Setting the Scene

Well, it’s been a few weeks, what with Christmas & the New Year, and our series looking at prayer and fasting, but we are finally back in our series on the integral place of children in the life of the Church. Let me re-iterate that I’m not arguing that everything should be childish, or even child-focussed.  Neither am I suggesting that everything becomes about ‘the children’.  But I am contending that they are a part of the people of God, and that we should have a vision for their spiritual growth.  And it isn’t just that they are the Church of tomorrow - they are part of today’s Church.[1]  We shouldn’t be thinking about children solely in terms of the contribution they might make in 20 years.  Obviously enough, that is part of the equation (Ps.78:6; Dt.5:16) - we are investing in the future of the Church.  But the fact remains that children are part of the Church now.  Many of them are Christians, or will become Christians, and as such need to be nurtured in their discipleship just as much as adults, if not more so.  They need to be involved in the life of the Church for the same reasons that adults are: so they can worship with the people of God, serve the people of God, be taught from the word of God, learn what it means to be a disciple, benefit from fellowship with each other, and receive the sacraments.  This last one can provoke a few questions.  Over the articles to follow, I will be exploring with you part of why I am convinced the Bible teaches us that the children in our midst should share in the sacramental life of the Church.
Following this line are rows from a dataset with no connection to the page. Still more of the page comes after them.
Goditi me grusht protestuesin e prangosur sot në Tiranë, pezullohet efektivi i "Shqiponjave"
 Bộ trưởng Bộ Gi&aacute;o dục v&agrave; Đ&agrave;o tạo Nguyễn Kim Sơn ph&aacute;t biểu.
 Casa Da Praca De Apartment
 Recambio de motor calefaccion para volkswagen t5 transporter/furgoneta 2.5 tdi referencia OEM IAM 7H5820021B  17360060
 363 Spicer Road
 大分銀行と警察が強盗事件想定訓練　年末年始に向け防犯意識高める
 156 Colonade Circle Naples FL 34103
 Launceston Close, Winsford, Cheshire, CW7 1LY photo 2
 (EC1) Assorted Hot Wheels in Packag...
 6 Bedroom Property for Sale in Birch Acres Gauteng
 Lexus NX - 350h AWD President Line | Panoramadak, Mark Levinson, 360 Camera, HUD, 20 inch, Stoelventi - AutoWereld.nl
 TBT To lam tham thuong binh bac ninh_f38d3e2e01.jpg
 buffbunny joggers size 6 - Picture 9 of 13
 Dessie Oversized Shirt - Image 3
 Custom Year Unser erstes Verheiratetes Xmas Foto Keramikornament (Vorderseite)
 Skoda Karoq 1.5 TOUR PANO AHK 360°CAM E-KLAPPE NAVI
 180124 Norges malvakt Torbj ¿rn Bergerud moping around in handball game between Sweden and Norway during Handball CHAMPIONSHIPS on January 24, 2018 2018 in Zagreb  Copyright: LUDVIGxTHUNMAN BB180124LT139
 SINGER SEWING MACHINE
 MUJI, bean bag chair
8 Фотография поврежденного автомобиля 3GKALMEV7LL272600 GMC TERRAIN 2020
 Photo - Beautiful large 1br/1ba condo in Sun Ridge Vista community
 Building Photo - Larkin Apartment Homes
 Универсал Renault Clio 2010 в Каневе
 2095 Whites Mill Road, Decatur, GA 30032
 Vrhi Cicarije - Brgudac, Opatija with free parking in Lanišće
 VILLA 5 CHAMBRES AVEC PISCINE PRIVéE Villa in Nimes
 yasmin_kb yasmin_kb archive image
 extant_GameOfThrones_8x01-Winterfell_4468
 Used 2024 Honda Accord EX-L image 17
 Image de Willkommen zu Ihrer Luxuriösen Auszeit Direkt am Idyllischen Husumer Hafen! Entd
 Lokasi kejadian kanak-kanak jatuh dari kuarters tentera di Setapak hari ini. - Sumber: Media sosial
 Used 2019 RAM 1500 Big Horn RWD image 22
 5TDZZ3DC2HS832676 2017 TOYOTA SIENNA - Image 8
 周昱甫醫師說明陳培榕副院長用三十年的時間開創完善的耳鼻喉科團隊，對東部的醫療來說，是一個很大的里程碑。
But before we get into this, I need to stress a few things by way of introduction, and of setting the context in St. John’s:


St. John the Baptist is an Anglican Church.  As such we remain committed to the practise of the baptism of infants who are to be “received into Christ’s holy Church, and be made a lively member of the same” (BCP 264). Contrary to what is often perceived as Anglican tradition, the Church of England does not (or at least should not) operate an indiscriminate Baptismal policy.  Clear expectations are laid down in the rubrics of the Church as to the integrity of the Christian faith of parents, godparents and the expected involvement of parents, godparents and the child within the covenant community of God.  Indeed, if a minister is unsure that these expectations are met, they are instructed that the baptism should be delayed until ‘suitable instruction can be given’, and (s)he is satisfied that ‘the provisions relating to godparents are observed’.  At St. John’s we seek to honour these obligations through our baptism preparation team.  If you would like to be involved in this area of our life and mission, have a chat with me…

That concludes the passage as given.